I prefer to hire history majors[1] as developers. They tend to do well at
holding complex systems in their heads, understanding them, and explaining
them.

1\. Ideally history plus some kind of engineering, where engineering is
defined as design, building, and use of practical engines, machines, systems,
or structures. Biology can fit this definition, but not, say, sports
marketing.

------
kjackson2012
Most programmers gravitate towards programming because they is some aspect of
programming that inherently interests them. I have about a dozen friends that
I've tried to convince to learn how to program, even something as simple as
Excel formulas, and they just weren't interested.

Most people won't find sitting in front of a computer day after day
interesting. It takes a certain mindset to get comfortable writing and
organizing things in your head an on a screen.

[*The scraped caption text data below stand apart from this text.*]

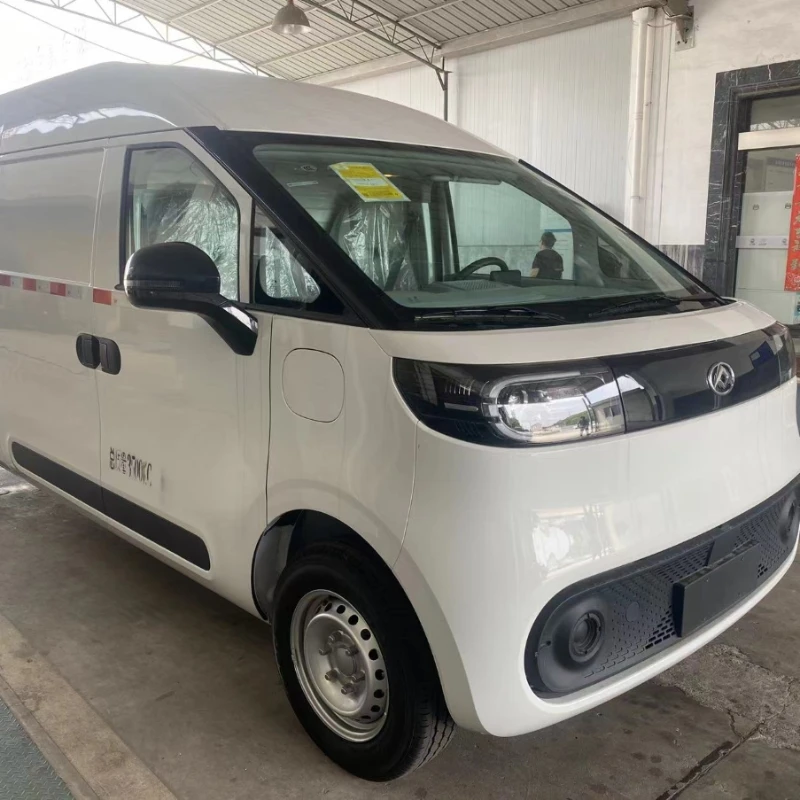Новый электрический автобус Maxus DANA V1 с 3 сиденьями
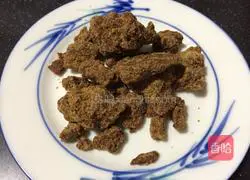 Illustration of how to make brown sugar preserved cake 1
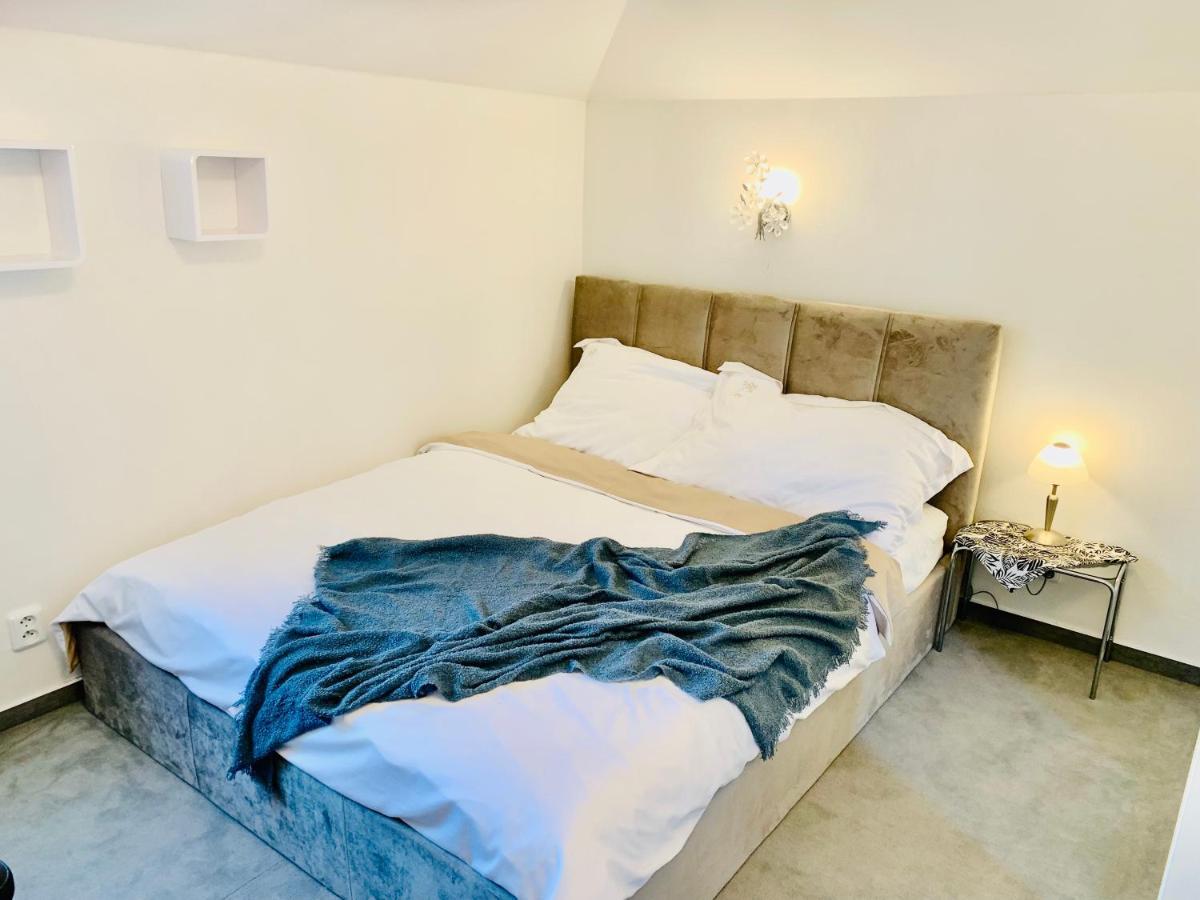 Apartman Residenz โปปรัด ภายนอก รูปภาพ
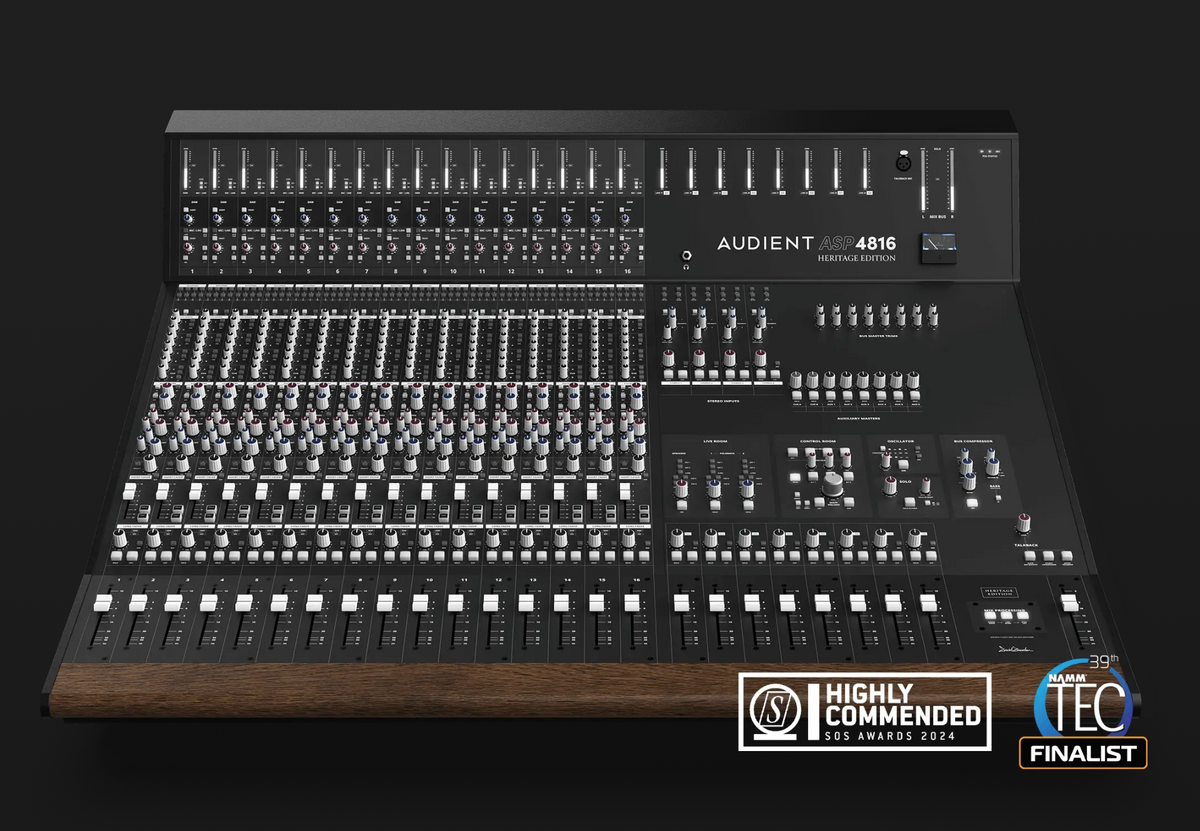 アンティ!! Signature Design by Ashley Living Room Adwen Accent Cabinet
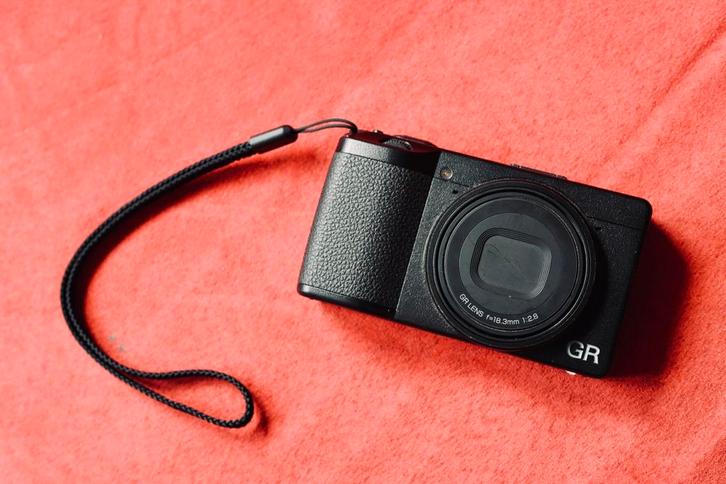 Ricoh GR III - GRIII - GR 3 - GR3, Audio, Tv en Foto, Fotocamera's Digitaal, Zo goed als nieuw, Compact, Overige Merken, Ophalen of Verzenden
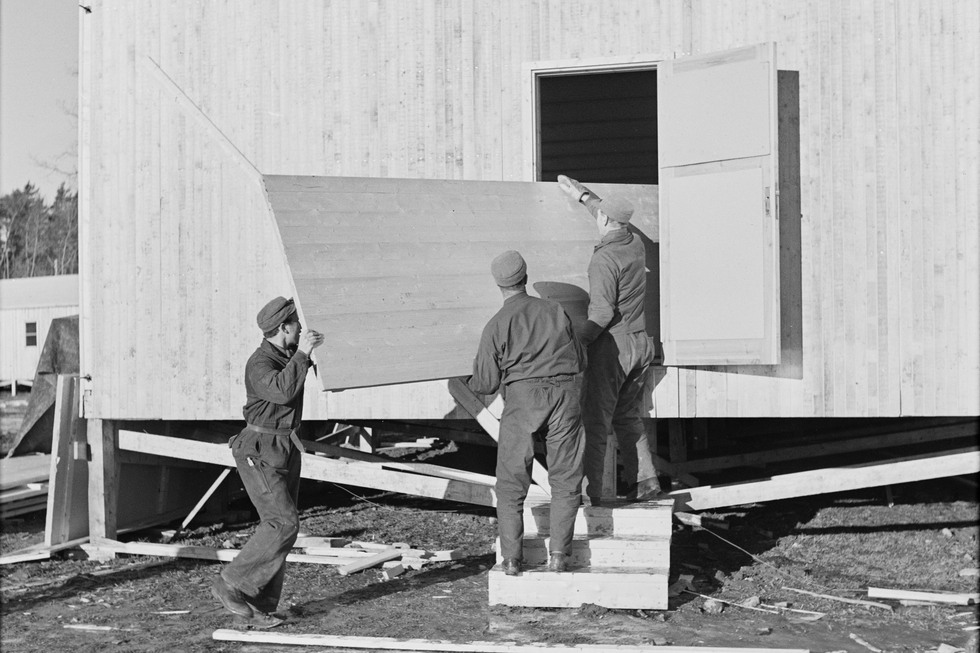 Norrmännen byggde baracker där de bodde under tiden på förläggningen på Mälsåker. 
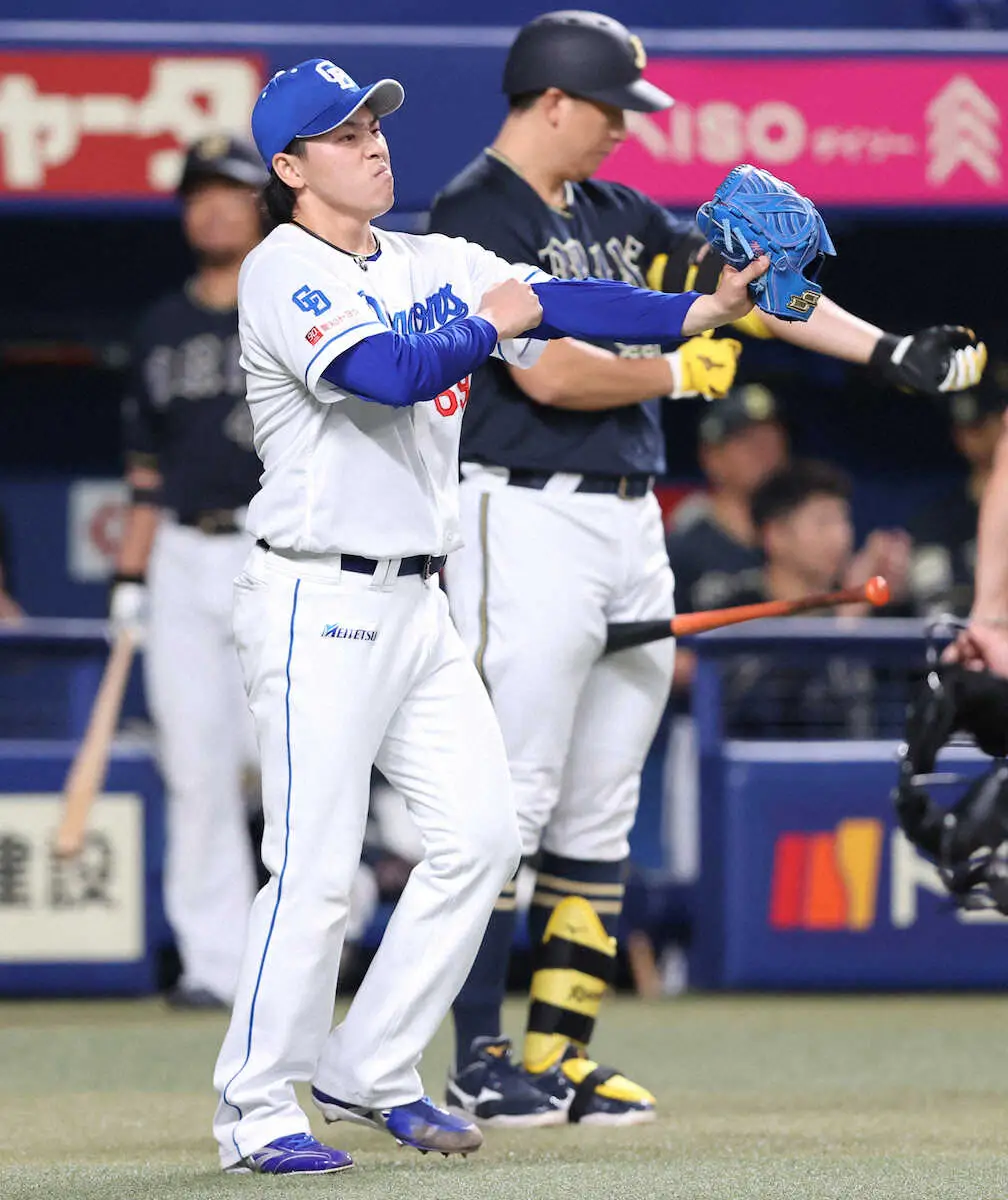 【画像・写真】中日・三浦 今季最短3回0/3を5失点KO「チームに申し訳ないです」井上監督が2軍降格を明言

There is something to be said about the analogy to writing, however. When I
code, I always feel like I'm trying to tell a story, and my goal is to make it
easier for the next person who reads my code (likely me) to understand what I
was trying to do. If it's too byzantine and "clever", and I have to sit there
and think about what I was trying to do, then I'm doing something wrong.

------
lubujackson
Successful English major/developer here from the first boom. I'd say there's
some natural advantages to English majors (aside from the "whatever degree"
people who just wanted to graduate) because reading and writing require a lot
of the same deep concentration as programming. It also gives them a natural
advantage in communication, via documentation or just explaining their line of
reasoning. It might be different now, but in 1999 there weren't many colleges
teaching HTML and web development, so everyone was learning this stuff on
their own anyway. In general, I've found people from liberal arts backgrounds
have a more well-rounded approach and (maybe because of survivorship bias)
they are not as narrowly-focused as most Computer Science -> web developers.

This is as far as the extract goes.